Historically, donors conduct follow-up household surveys a few months after bed net distribution occurs - but this data is never made readily available. I had occasion to observe one survey from Niger that reported less than 20% of inventory (2 million bed nets) distributed being retained by households and used as intended.

With global malaria infection rates reported to range from 300 to 500 million annually - the uncertainty of these estimates measured by the W.H.O. is also never reported. And despite our advanced knowledge of the epidemiology of malaria, there is a cloud of apathetic ambiguity that has engulfed present day malaria control and disease management practices.

 

A young Sierra Leonean with a malaria net

According to a recent article in the Journal of the American Medical Association entitled Global Malaria Control in the 21st Century: A Historic but Fleeting Opportunity (co-authored by Dr. Richard Feachem, former Executive Director of the Global Fund ), one of the latest exemplary successful management practices in malaria control has been bed net distribution campaigns (funded by the Global Fund of course) because of their efficacy in increasing bed net ownership.

In an environment where humanitarian organizations distribute goods for free, what does bed net ownership mean exactly?

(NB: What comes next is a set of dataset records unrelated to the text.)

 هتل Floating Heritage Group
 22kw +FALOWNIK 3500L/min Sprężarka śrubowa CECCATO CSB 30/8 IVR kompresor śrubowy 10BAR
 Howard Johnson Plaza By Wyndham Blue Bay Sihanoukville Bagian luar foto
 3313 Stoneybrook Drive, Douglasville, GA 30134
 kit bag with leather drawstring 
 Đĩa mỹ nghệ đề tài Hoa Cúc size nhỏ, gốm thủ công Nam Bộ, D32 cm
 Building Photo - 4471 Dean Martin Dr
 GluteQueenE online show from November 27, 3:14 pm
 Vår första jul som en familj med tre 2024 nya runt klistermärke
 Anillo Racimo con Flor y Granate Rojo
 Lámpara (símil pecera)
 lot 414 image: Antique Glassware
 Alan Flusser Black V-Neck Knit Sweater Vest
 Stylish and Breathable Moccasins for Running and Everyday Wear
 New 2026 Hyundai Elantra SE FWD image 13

How and when was ownership measured from that instant the bed net was handed over to mother and child? - Where coincidentally, the camera was also poised for a donor’s photo opportunity and a self-predicated success story for the fora of international public health.

Does bed net ownership imply proper behaviour change for bed net use in Sub-Saharan Africa, or any usage at all for that matter?

One must remember - the demographics whom these campaigns are targeting reside in rural areas of developing countries with tropical climates where very little technology, infrastructure and educational outlets exist.

The learning and acclimatization that must occur in order for the introduction of bed net technology to have a lasting effect on preventing malaria infection, such as hanging, education, and behaviour change, extends far beyond the term “ownership” - especially when given to beneficiaries for free.

Yet the rhetoric used by UN and Development agencies is common place. They report their (public tax) dollars (donated from Western countries) spent on aid interventions, and units donated to countries on massive scale - purchased from (Western) private suppliers that operate in monopolized markets - all which predicate irrelevant disease outcomes for those children in Sub-Saharan Africa, who are often carried by their mothers to health centers because they are infected by malaria with symptoms undetected, prevention unknown.

It’s time to break this cycle of carelessness.